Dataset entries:
- - -

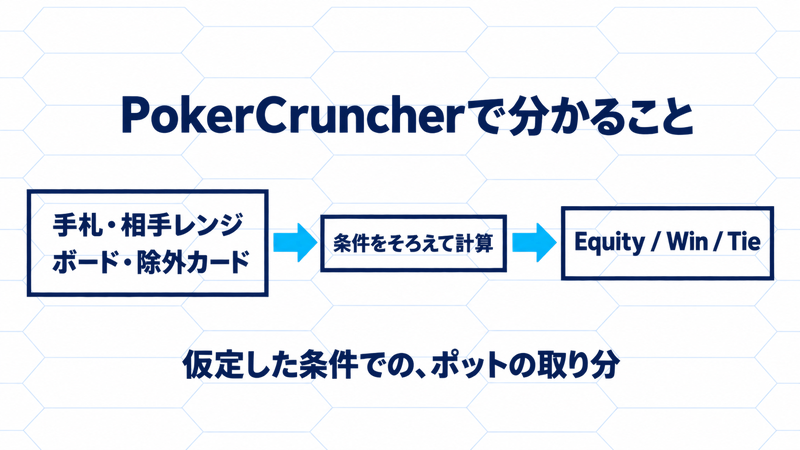 手札・相手レンジとボード・除外カードを入力し、条件をそろえて計算するとEquity・Win・Tieが得られる。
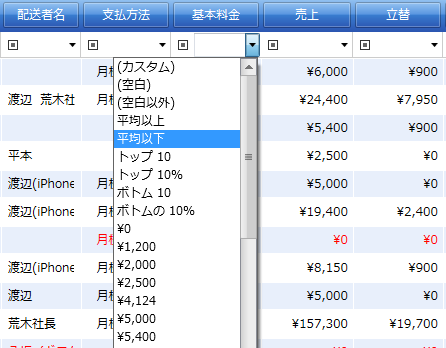 基本料金のフィルターセルをドロップダウン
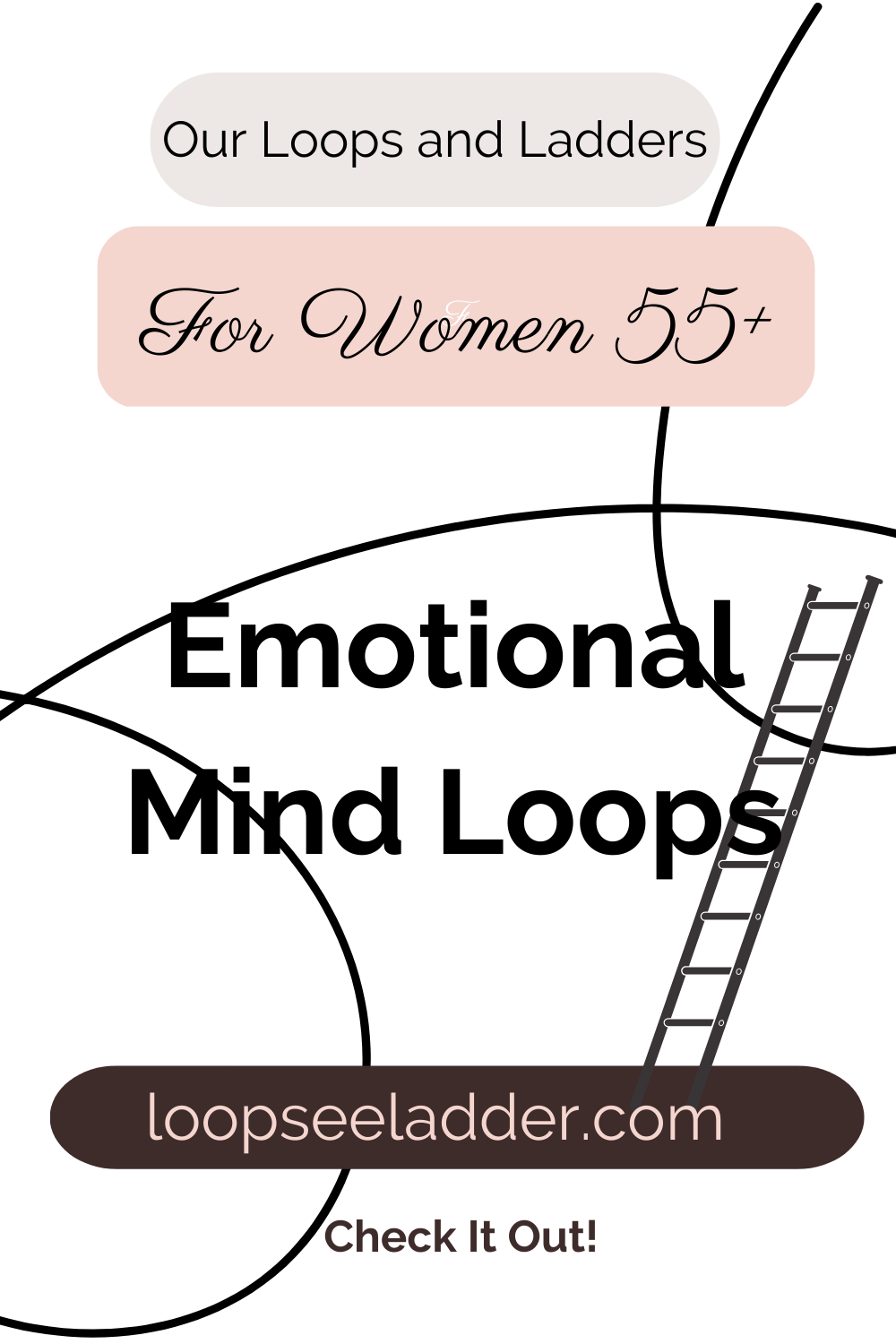Emotional Mind Loops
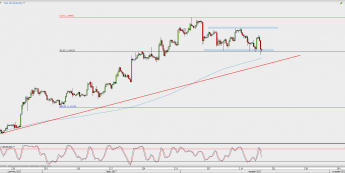 Wykres 4-godzinowy EUR/USD; Źródło: TMS Direct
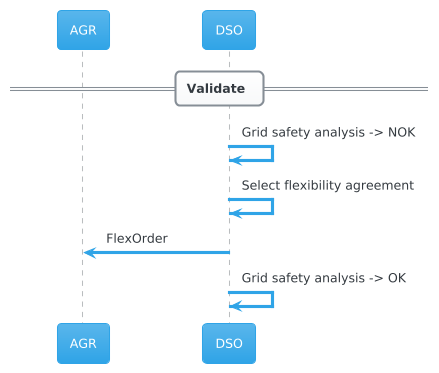 Direct FlexOrder without FlexRequest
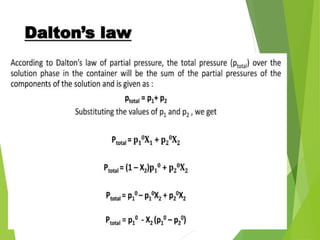Dalton’s law
Chemistr
y-Borders
IPC-Solutions-Borders
 
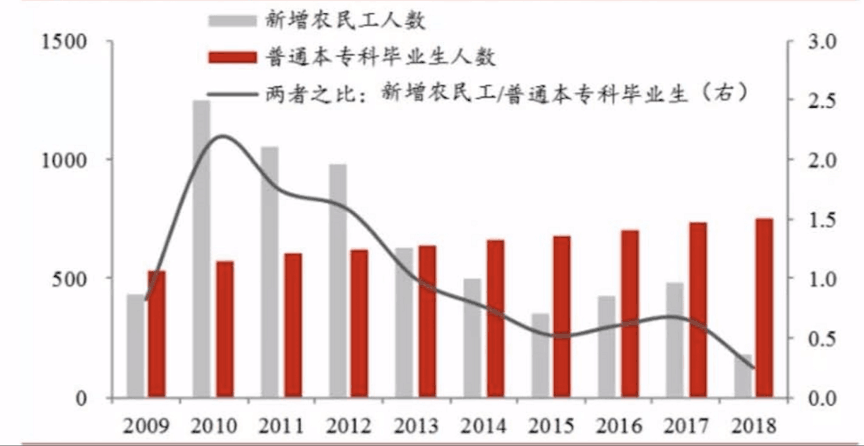 躺平是什么意思：一组数据带你看年轻人为什么会“躺平”？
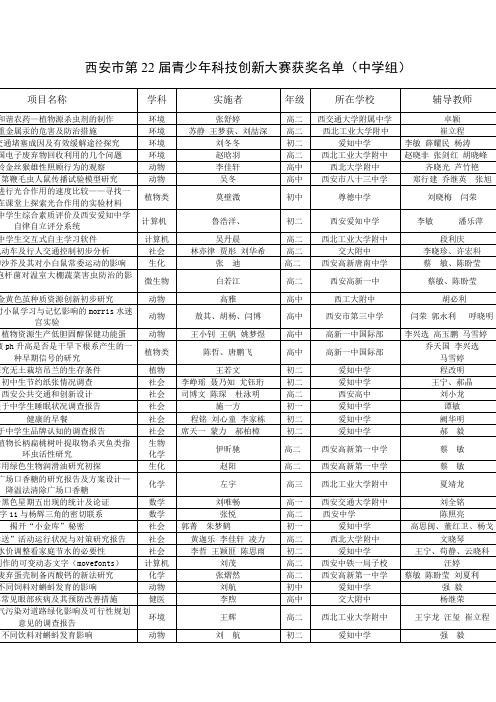 西安市第届青少科技创新大赛获奖名单首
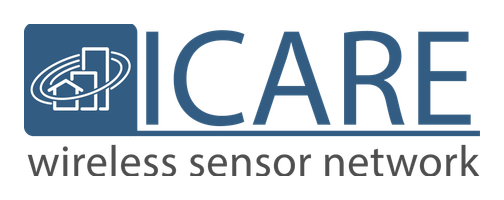 iCARE Monitoring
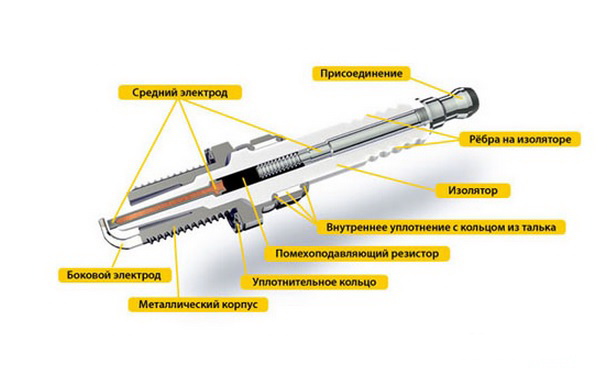 Устройство свечи зажигания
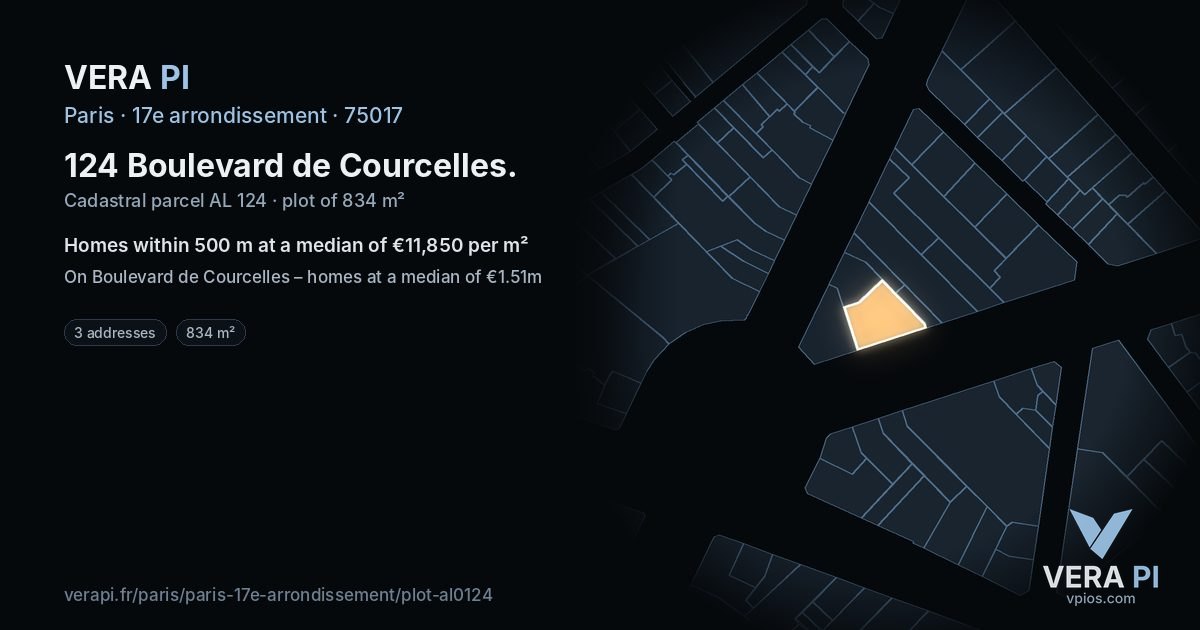 124 Boulevard de Courcelles, 17e arrondissement at night – the plot lit, the parcels around coloured by the prices near them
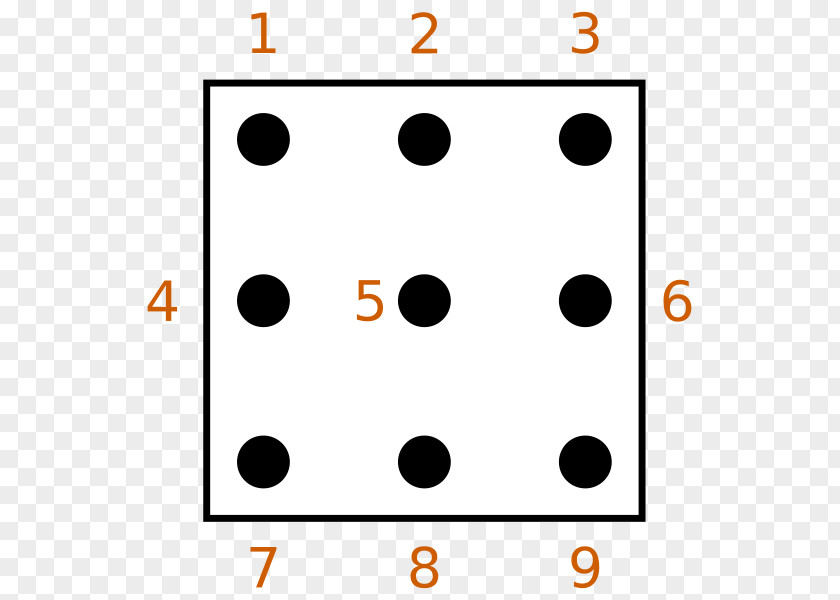 Analysis Sudoku Number Information Puzzle Pattern PNG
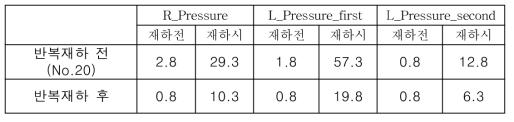 정적 재하시험에 의한 토압 (kPa)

- - -

> [TASK STATEMENT]: Your copy should hold exactly the lines from the one with "IPC-Solutions-Borders" through the final line of the records, both ends included, and no pictures.

> [RESPONSE TO THIS EXERCISE]:
IPC-Solutions-Borders
 
 躺平是什么意思：一组数据带你看年轻人为什么会“躺平”？
 西安市第届青少科技创新大赛获奖名单首
 iCARE Monitoring
 Устройство свечи зажигания
 124 Boulevard de Courcelles, 17e arrondissement at night – the plot lit, the parcels around coloured by the prices near them
 Analysis Sudoku Number Information Puzzle Pattern PNG
 정적 재하시험에 의한 토압 (kPa)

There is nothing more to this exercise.